I attended Vancouver College, a Christian Brothers high school. I had good teachers including a Christian Brother who passionately formed students to be faithful servants of Christ. However, it was in this time that I came to see the sins of the church I loved. The Christian Brothers also administered Mount Cashel Orphanage in Newfoundland where horrifying abuses took place. Our school needed to be sold to pay off settlements. This shattered my image of the church as a perfect community. I was left wondering how such a beautiful faith tradition could also be capable of great sin. After high school, I attended the University of British Columbia and studied religion and history. My education in a large secular institution opened my eyes to the diversity of thought and religions. In my second year, I began to explore being gay – learning about the culture, making friends, disclosing to friends, and exploring my sexuality. In my third year, I took the first course ever offered at UBC in LGBT studies. I was deepening my embrace of my gay identity. At the same time, I continued to live out my Catholic identity.
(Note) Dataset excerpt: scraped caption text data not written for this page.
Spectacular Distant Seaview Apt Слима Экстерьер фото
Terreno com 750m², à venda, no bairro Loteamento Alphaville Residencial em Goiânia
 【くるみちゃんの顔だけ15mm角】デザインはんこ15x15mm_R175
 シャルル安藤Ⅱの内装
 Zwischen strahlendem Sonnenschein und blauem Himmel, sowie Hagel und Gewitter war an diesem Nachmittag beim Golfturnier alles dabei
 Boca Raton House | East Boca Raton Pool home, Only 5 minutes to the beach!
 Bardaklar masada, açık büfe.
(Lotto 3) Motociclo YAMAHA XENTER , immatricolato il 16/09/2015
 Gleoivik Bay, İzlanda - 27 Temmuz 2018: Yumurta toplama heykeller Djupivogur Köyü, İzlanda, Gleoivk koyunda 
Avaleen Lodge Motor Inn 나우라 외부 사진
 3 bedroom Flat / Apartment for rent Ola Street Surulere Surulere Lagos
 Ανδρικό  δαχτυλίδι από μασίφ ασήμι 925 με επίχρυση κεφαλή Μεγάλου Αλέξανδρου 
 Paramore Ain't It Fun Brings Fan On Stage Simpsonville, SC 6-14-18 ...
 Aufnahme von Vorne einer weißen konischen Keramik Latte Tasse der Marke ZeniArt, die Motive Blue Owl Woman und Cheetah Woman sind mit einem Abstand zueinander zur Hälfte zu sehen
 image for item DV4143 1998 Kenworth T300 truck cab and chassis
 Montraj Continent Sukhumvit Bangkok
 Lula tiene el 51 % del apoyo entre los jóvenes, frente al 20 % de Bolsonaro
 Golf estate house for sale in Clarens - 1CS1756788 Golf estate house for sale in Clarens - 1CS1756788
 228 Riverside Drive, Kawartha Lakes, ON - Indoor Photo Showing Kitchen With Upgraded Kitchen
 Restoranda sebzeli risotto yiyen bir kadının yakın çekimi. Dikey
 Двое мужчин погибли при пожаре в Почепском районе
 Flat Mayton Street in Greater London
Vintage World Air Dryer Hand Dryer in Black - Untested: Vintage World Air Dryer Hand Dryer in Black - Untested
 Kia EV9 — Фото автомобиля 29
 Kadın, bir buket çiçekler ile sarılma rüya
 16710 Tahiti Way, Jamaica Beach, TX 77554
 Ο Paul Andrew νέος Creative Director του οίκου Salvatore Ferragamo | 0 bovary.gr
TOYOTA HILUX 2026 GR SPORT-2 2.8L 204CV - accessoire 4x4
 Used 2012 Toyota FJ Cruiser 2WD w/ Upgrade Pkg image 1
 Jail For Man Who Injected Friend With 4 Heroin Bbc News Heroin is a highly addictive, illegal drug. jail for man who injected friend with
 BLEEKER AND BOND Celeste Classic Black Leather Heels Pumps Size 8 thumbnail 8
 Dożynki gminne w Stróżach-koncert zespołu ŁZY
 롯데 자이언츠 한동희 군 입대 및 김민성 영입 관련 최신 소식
At the time, my parish priest, a Dominican, enabled me to use my gifts to serve as music minister, youth minister, and catechist in our parish religious education program for children who attended public schools. I enjoyed serving the church and passing on the faith. Never in my college years did I feel duplicitous. I simply walked the path before me. After university, I wanted to deepen the knowledge of my Catholic faith. I took courses offered by the Archdiocese of Vancouver and subsequently I applied to do a Master of Religious Education at the University of St. Michael’s College in Toronto. My time in Toronto was pivotal in many ways including opening my eyes to the richness of Catholic theology and coming to appreciate the diversity of Christian theology outside of Catholicism. At Our Lady of Lourdes parish in downtown Toronto, I found a spiritual home. I formed friendships with many in the congregation – gay and straight, including a Filipina theologian and professor at the Catholic seminary. She helped me to embrace my own Filipino identity, an identity that is naturally halo-halo, which literally means “mix mix.” In other words, being Filipino was inherently being open to hybridity. During this time, I felt God reached into my core and helped me to see that I am beloved, and that God rejoices in me. I met my partner, also named Mark, and after graduation, we moved to Edmonton where I pursued more study at the University of Alberta and Newman Theological College.
I have had many varied experiences in ministry since then, from university ministry, to teaching to parish ministry. The path has had many twists and turns, barriers and hurts, some inflicted by the institutional church, some by individuals. Ultimately, I was fired for being both gay and in a committed relationship. Despite doors being closed, the challenges have sparked in me a greater desire to advocate for LGBTQ+ Catholics in the church. After careful discernment I decided to pursue a PhD in theology. When I began my doctoral program, I wanted to focus on LGBTQ+ inclusion in the Catholic church, however I came to realize there is a more fundamental issue, besides revising the church’s official teaching on homosexuality. I think the church suffers from an inability to discern the Holy Spirit speaking in the lives of the faithful. Perhaps providentially, it was also at this time that Pope Francis proclaimed a new way of being church – being synodal. This is where my passion now lies – in helping the church walk the synodal path. More specifically, as we have begun the synodal process, we have indeed heard the cries of those who have been marginalized including LGBTQ+ Catholics. It is my work to consider means in which these marginalized Catholics might be restored into a more synodal church that is inclusive, in which lay people have a place in building up the church, and clericalism is laid to rest because of the Spirit-given wisdom in the voices of the faithful who have been calling for greater Christian authenticity.
Being part of CLC is my way of adding my voice to the decades old chorus of voices calling out to implement the vision of Vatican II – that we may be a church that reaches out in solidarity with the marginalized and poor, that listens, learns, repents, and reconciles with those it has harmed. And, in so doing, fulfilling the mission of Jesus Christ.